Rabbi Shmuel Slotzky, an Orthodox rabbi from Jerusalem who joined the panel and quickly became the focus of its attention, politely upheld the Orthodox position. The main practical advice Slotzky seemed to have on offer – until a different halakhic response to the modern-day questions of gay families are, perhaps, formulated in the future – was for gay fathers to consider, well, fibbing.

“The plight of these couples does touch my heart, and we want to find a way to help – but there are laws we cannot change,” said Slotzky plainly. He suggested co-parenting arrangements, instead of surrogacy, whereby gay fathers team up with a Jewish woman to create a “fictive family,” for the purpose of having their children recognized as Jews. “How they live behind closed doors is then not something the Rabbinate is going to look into too deeply,” Slotzky said.

There was also some suggestion, from the various members of the panel, that if a gay man approached the rabbinical establishment as a single parent, instead of someone who is part of a gay couple, he might have a less complicated time with the issue of conversion.

But for a community long out of the closet, lying is not the way they want to go. And as such, a vast majority of men in the community admit they end up not having their kids converted at all, leaving them registered as Israelis with “no religion."

“Most of us simply don’t care,” says Ronan Kaplan, a gay father, whose twin daughters were born with the help of a surrogate in India. “In our family we light Shabbat candles with the girls and sing Shabbat songs every Friday. And most of my friends with sons make sure they are circumcised. But to make up stories in order to get this official stamp of approval? No. I am Jewish. I am a homosexual, with a partner. And I am a father. You don’t want to accept me? Fine. But that is who I am."

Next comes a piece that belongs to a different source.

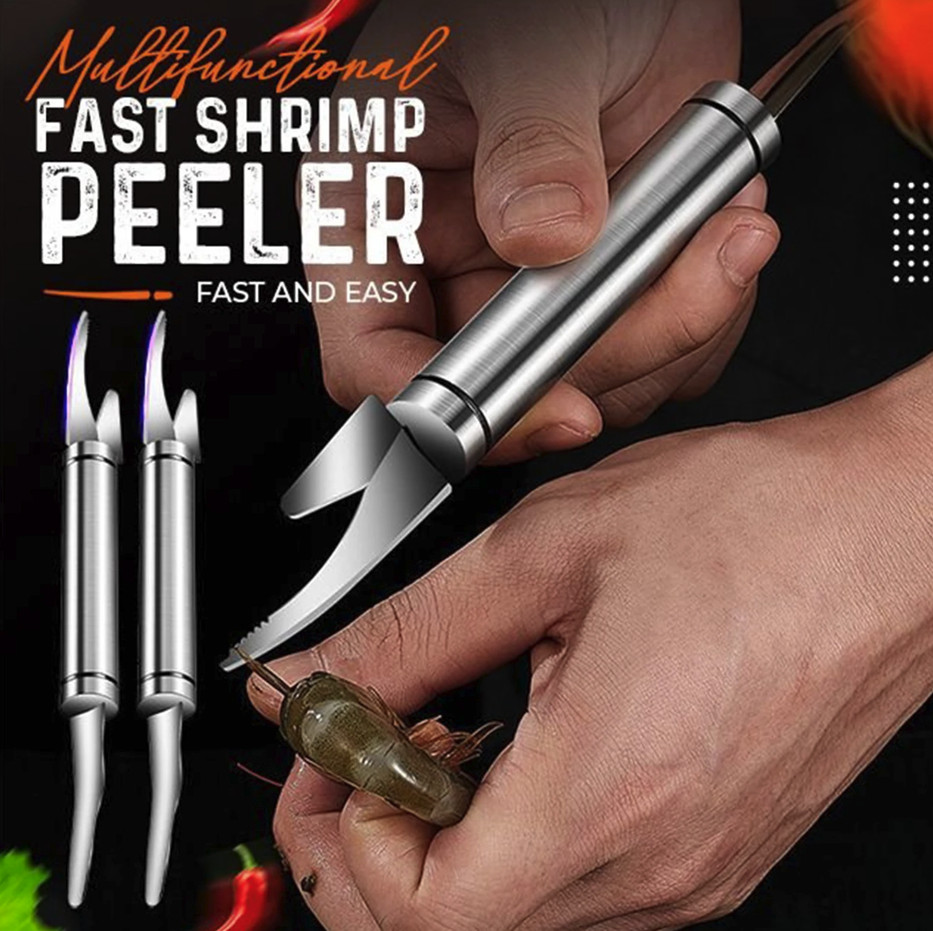 1pc 6-in-1 Stainless Steel Shrimp Peeler Fish Scaler Line Cutter Tool – NEW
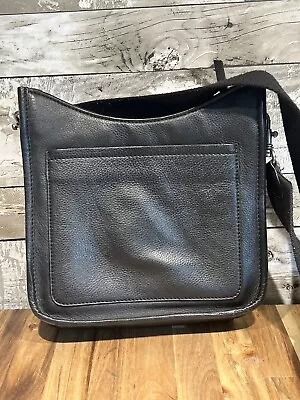 J.Jill Pebbled Leather Crossbody Bag With Adjustable Strap Black Zipper Closure • $20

Still, there are also those for whom getting that Orthodox rabbinical approval remains, for one reason or another, important.

One of the half-dozen men wearing a kippa in the audience stood up to talk about how he and his partner brought home healthy twins, a boy and a girl born with the help of a US-based surrogate, four months ago. Their excitement and happiness with newfound parenthood has been somewhat marred, he admitted, by the reaction of his parents – Orthodox Jews.

“Since the birth of the children, my parents have not spoken to us,” he said simply. “They cannot accept the fact that their grandchildren are not Jewish. If it were up to me, I would not go begging at the Rabbinate, because I know they don’t accept and respect my family. But, I do want my children to be able to go to synagogue with my father.”

The man, who asked not to be identified, said his partner is willing to lie to the Rabbinate and give separate addresses, pretending each one is the single father of one child, but he himself refuses. “Finding some shortcut around the system is a classic Israeli plan which I don’t want to be part of,” he says, “but I don’t know what to do.

“Isn’t it pathetic how badly we want to be accepted into a club that does not want us?” he asks, as many of those around him nod.

Another one of the panelists, Chana Friedman, who has a doctorate in Talmud and is a leading member of Yachad, a unique Orthodox community in Tel Aviv welcoming of alternative lifestyles, did not have any halakhic answer to help this particular audience member or the others. But she did express a deep understanding of their plight and a certain amount of hope for change in the future."

"I don't think it's pathetic at all,” she responded. “Your desire to be accepted by your parents' community, the one you yourself grew up in, shows that identity goes with us for longer than we think. As much as one might say, ‘we have slammed the door on our Orthodox community,’ it is not an easy thing to do.” And then she added: “But do not walk away. Let's continue this dialogue, as some of these doors will eventually open."